All aboard!

When word reached us of a Howdenshire property with its own train line running through the garden, we assumed that it must be a model railway. How wrong we were! 

When we visited Elizabeth Shutt’s home near Wressle, we were greeted with a standard gauge – that’s full size – working railway line, complete with an engine and carriages. The East Wressle and Brind Railway, as it’s officially known, is one eighth of a mile long and even has a level crossing, a platform, waiting room and an engine shed! 

It’s modelled on the network of branch line railways that were built up and down the country by Colonel Holman Fred Stephens during the early part of the 20th century. The ambitious project was the work of Elizabeth’s late husband Colin Shutt, who was inspired to create it after building a replica of the Ford rail buses that would once have transported passengers along Colonel Stephens’ lines.
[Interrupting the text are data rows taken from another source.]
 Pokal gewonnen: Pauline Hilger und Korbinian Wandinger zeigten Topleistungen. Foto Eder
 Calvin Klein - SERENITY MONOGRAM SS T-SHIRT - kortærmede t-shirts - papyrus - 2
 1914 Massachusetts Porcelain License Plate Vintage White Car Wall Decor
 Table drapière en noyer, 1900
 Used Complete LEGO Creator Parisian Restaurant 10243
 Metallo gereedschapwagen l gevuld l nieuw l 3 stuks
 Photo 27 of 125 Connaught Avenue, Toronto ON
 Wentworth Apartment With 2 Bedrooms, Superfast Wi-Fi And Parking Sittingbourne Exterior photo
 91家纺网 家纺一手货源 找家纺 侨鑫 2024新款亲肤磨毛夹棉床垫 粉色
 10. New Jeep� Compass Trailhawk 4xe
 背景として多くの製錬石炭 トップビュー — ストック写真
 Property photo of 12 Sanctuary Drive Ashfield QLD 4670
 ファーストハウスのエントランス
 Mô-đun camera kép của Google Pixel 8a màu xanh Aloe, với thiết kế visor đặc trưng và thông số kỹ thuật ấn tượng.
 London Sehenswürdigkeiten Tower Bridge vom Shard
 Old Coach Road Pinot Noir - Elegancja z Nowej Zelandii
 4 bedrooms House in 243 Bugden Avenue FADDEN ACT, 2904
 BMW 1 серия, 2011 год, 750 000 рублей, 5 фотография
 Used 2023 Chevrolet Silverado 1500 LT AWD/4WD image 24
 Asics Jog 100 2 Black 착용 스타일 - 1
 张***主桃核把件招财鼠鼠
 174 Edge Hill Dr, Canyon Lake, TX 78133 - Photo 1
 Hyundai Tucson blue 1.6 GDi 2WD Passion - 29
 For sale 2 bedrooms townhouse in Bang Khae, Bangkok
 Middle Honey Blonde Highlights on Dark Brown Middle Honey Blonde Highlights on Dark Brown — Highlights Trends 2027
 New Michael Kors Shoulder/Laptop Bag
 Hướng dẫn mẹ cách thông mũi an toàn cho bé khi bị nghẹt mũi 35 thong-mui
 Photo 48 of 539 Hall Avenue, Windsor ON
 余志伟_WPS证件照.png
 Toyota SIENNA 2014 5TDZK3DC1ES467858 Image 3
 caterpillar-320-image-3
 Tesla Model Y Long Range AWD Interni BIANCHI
Elizabeth explained: “After building the rail bus for a competition, Colin thought ‘what can I do with it?’, so, he built the railway around the garden! He had to apply for planning permission, then he and a friend built the engine shed. 

“Although the rail bus has since been donated to the Colonel Stephens Railway Museum at Tenterden in Kent, we have a Ruston 48DS diesel locomotive and various other rolling stock, which is in the process of being restored.”

Colin first came up with the idea in 2004 and worked on the project right up until his death in February 2016. Since then, a number of his friends have given up their free time to ensure that the project continues, visiting each week to maintain the line and give the locomotive a run out. They’re currently busy restoring an old goods carriage and creating the façade of a station master’s house, complete with a porch and cottage-style garden, in the end of an old outbuilding, in keeping with Colin’s vision for the site.

David Bancroft, Colin’s former business partner, explained: “We’re all friends of Colin’s and, because we’re retired, we come here most Thursdays. There were others involved too in the early days.

“The Ruston shunter dates back to the early 1950s and had been supplied new to a firm in Leicester, where it had been used to pull aggregrates from the main line to their works. Elizabeth bought it for Colin for his birthday one year, but he had to pay the delivery costs, which ended up being more than the cost of the engine!”

Cousins Gerald and David Christian became involved after spotting the railway line in Elizabeth’s garden through a gap it the hedge and stopping to chat to Colin about it. David lives at Laytham, but Gerald travels from Mirfield in West Yorkshire each week to work on the project. 

He said: “We come to do maintenance, but we have lots of fun. Recently, we completed the level crossing that Colin has started making and we’ve got the old coal truck to restore next. That’s our project for this winter; it came from the Derwent Valley Railway.”

In a strange coincidence, after they began working together on railway line – originally alongside Colin – the men realised that they’d all grown up in Horsforth near Leeds, although they didn’t know one another in those days.  If anything, it was their shared passion for engineering that brought them together. Before they retired, David Bancroft and Colin ran an engineering company together in Leeds; Gerald was a mechanic at Kirkstall Forge; and David Christian was a buildings surveyor for Selby District Council. It seems fitting that the group of friends have continued to work together to enhance and preserve Colin’s wonderful legacy.

  • Although, the East Wressle and Brind Railway is not open to the public, it has hosted visits from interested parties, including The Branch Line Society, the Railway Ramblers and a bus trip organised by local company Thornes Motor Services.